1739-01-19, de Françoise Paule Huguet de Graffigny à François Antoine Devaux.

Je viens de recevoir deux lettres de Desmarets décachetées, et trois des vôtres décachetées aussi.
Soyez sûr, mon cher ami, que de quelque écriture que soit le dessus, elles sont ouvertes. C'est sans doute pour ne pas faire de jalousie: à la bonne heure. Voici l'ordre des vôtres: une certaine de je ne sais quand est toujours en arrière avec celle de l'ordinaire dernier. Mais que je suis bonne! il faut bien le temps à ceux qui sont curieux de les lire, et peutêtre d'en prendre copie, tant on les trouve belles: enfin, les plus fraîches arrivent toujours un ordinaire plus tard. Celles d'aujourd'hui sont deux du lundi 12 et une du jeudi 15. J'ai envie de suivre le conseil que vous me donnez, de ne vous écrire qu'un seul mot à l'avenir, parce qu'à la fin cela me fatigue d'être si gênée, et mes yeux qui recommencement à me faire mal, en iraient peutêtre mieux.

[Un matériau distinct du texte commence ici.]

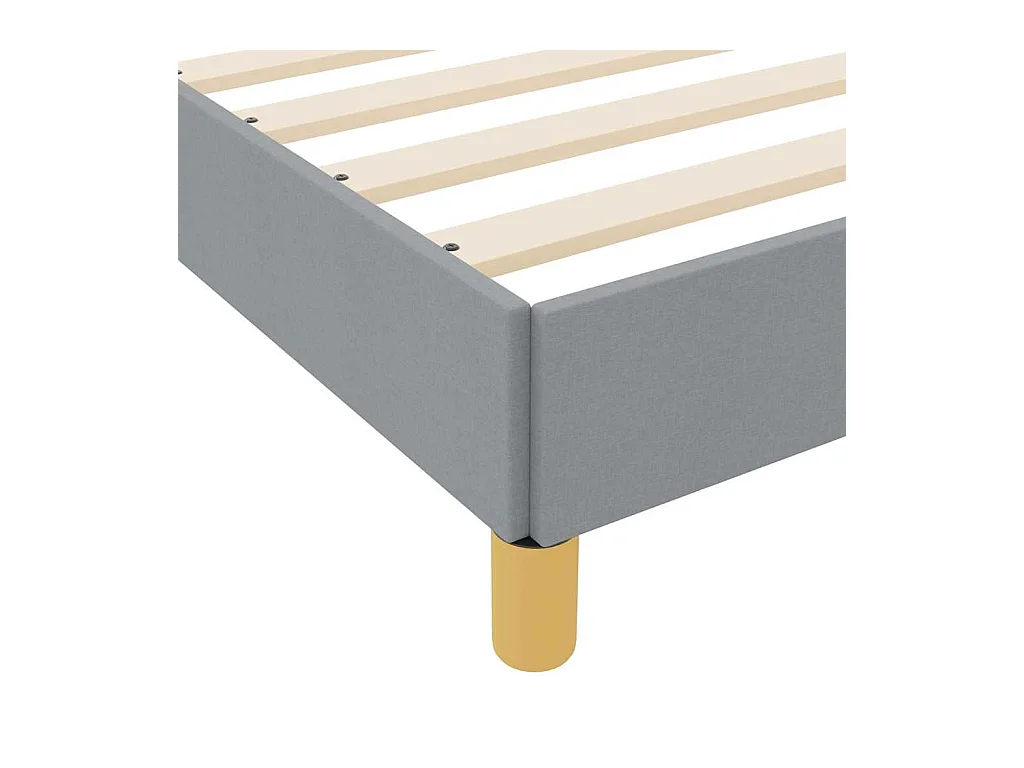 Letto a molle grigio chiaro e marrone 100 x 200 cm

Vous avez raison, mon ami, vous êtes un guide bien aveugle, car vous ne savez ce que vous dites, taisez vous; c'est ce que vous pouvez faire de mieux. Vous vous doutez bien jusqu'à quel point je suis sensible à tout ce que vous me dites de l'amitié du docteur: vous savez comme je pense à son égard. Il y a un article de votre lettre qui m'embarrasse fort. Vous dites que vous craignez et que vous avez lieu de craindre d'avoir contribué à mes peines, mais que c'est un coup de la fortune; je pourrais entendre le premier, mais je ne vois pas quel rapport trouver avec la fortune: je suis bien curieuse de cela, cependant je n'en veux point d'explication. Venons à une lettre de jeudi; vous m'en avez écrit deux, dites vous, cela est plaisant, l'une est arrivée, et l'autre est restée en chemin, c'est qu'on la copie apparemment. L'imagination languit, et le cœur souffre de cette tyrannie.

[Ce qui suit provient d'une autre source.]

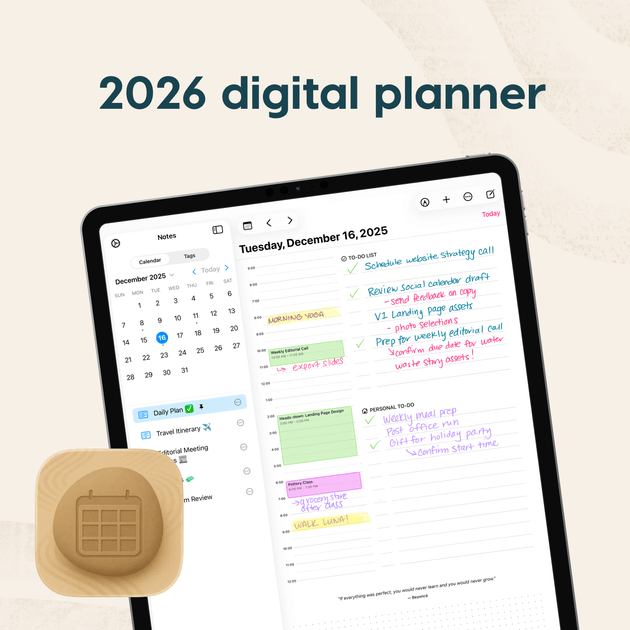 Rock Daily Planner — iPad App – Astropad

Vous faites bien d'être circonspect; je vous prie même de l'être encore plus à l'avenir, et de ne répondre qu'à ce que je vous dis, sans y mêler aucune conjecture. Vraiment, vous êtes tous admirables avec votre Paris, vous seriez bien habiles de m'y faire vivre en attendant la duchesse, qui ne sera peut-être pas de retour au mois de mai. Enfin, je ne puis y aller à présent, et je ne puis m'expliquer mieux, car il est cruel d'être sûre que des intérêts comme ceux de l'amitié qui nous lie, soient à la merci…. Ne me nommez personne dans vos lettres, je vous en conjure: n'entendons nous pas toujours de qui nous parlons? Avec les sots noms que vous avez donnés à tous nos amis et amies, vous m'en faites perdre la tête. Ah! quel homme que ce Panpan!

Vous n'aurez qu'à jeter mon chien dans la rivière si vous voulez, mais ne m'en parlez plus; ce sont des choses si loin de moi qu'elles me révoltent. Je vous ai bien parler de Lise, me direz vous, je suis sûre qu'un certain homme portait de son araignée. Vous dites que vous m'envoyez la lettre que je vous ai redemandée, c'est bien plaisant! croiriez vous que je ne l'ai pas encore reçue? Mon parti est pris, elle viendra quand elle pourra: mais peut-être est elle déjà à sa destination; c'est ce que je voulais.

Finissez vos commentaires, je vous en supplie, et ne me nommez point vos amis; je le répète, parce qu'en lisant vos lettres, je ne trouve que cela. Vous avez fait une prédiction dans une de vos lettres, il y a un mois ou six semaines, qui était plus vraie que celle que vous faites sur mon bonheur, je n'y ai nulle foi, je me connais.

Je ne me souviens point du tout des vers de m. de Puydebart, mais je parierais qu'il n'y a pas un mot de vrai dans l'histoire qui l'a tant divertis. Je crois reconnaître les gens dont il parle; et, si je ne me trompe pas, j'assurerais bien qu'ils en sont à mille lieues; mais vous êtes tous des bêtes, entendez vous? C'est ainsi que je vous traiterai, puisque vous ne voulez pas avoir de l'esprit. J'ai joué hier au trictrac avec le gros intendant, et je n'ai eu aucun plaisir; je songeais à nos parties de poule. Ah! mon dieu! bonsoir. Je me porte assez bien, c'est à dire en comparaison de l'état d'où je sors. Cependant je suis aussi bête que vous; mais n'est pas sot qui veut. Adieu, mon cher Panpan; bonsoir, mes chers amis; et vous, mon beau petit saint, vous ne me dites rien? je vous embrasse tous mille et mille fois.